* [Provided material]:
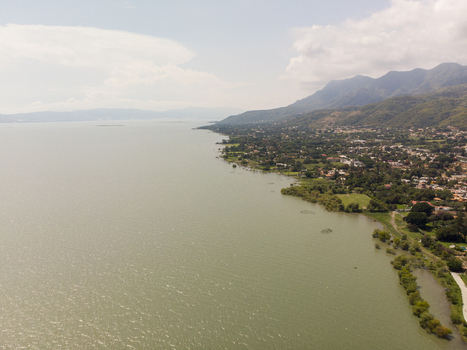 Aerial view of the town of Ajijic along the shoreline of Lake Chapala with lush greenery mountains and calm water in Ajijic Jalisco Mexico. Aerial view of the town of Ajijic along the shoreline of Lake Chapala with lush greenery mountains and calm water in Ajijic Jalisco Mexico.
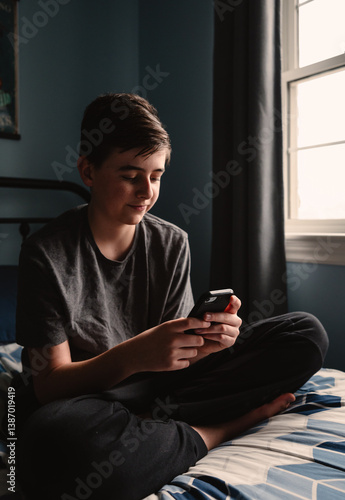 Close up of teen boy in bedroom using smartphone on his bed.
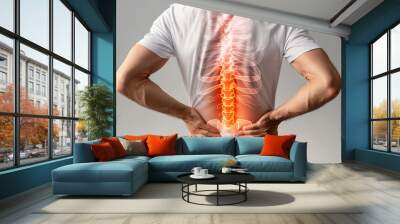 Man pain office syndrome at his back with highlight at backbone and spine. Wall mural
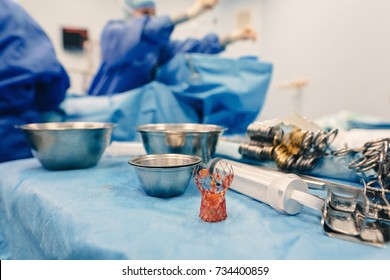 Team Of Surgeons Operating Wearing Lamp Lighting Electric Cautery And Flex Clamp, Heart Surgery Intervention Close-up Replace Valve Open Cord Surgery Minimally Invasive Surgeon. Live Heart Beating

* [Exercise aim]:
The whole listing should be retyped word for word; none of its pictures belong in the copy.

* [Solution]:
 Aerial view of the town of Ajijic along the shoreline of Lake Chapala with lush greenery mountains and calm water in Ajijic Jalisco Mexico. Aerial view of the town of Ajijic along the shoreline of Lake Chapala with lush greenery mountains and calm water in Ajijic Jalisco Mexico.
 Close up of teen boy in bedroom using smartphone on his bed.
 Man pain office syndrome at his back with highlight at backbone and spine. Wall mural
 Team Of Surgeons Operating Wearing Lamp Lighting Electric Cautery And Flex Clamp, Heart Surgery Intervention Close-up Replace Valve Open Cord Surgery Minimally Invasive Surgeon. Live Heart Beating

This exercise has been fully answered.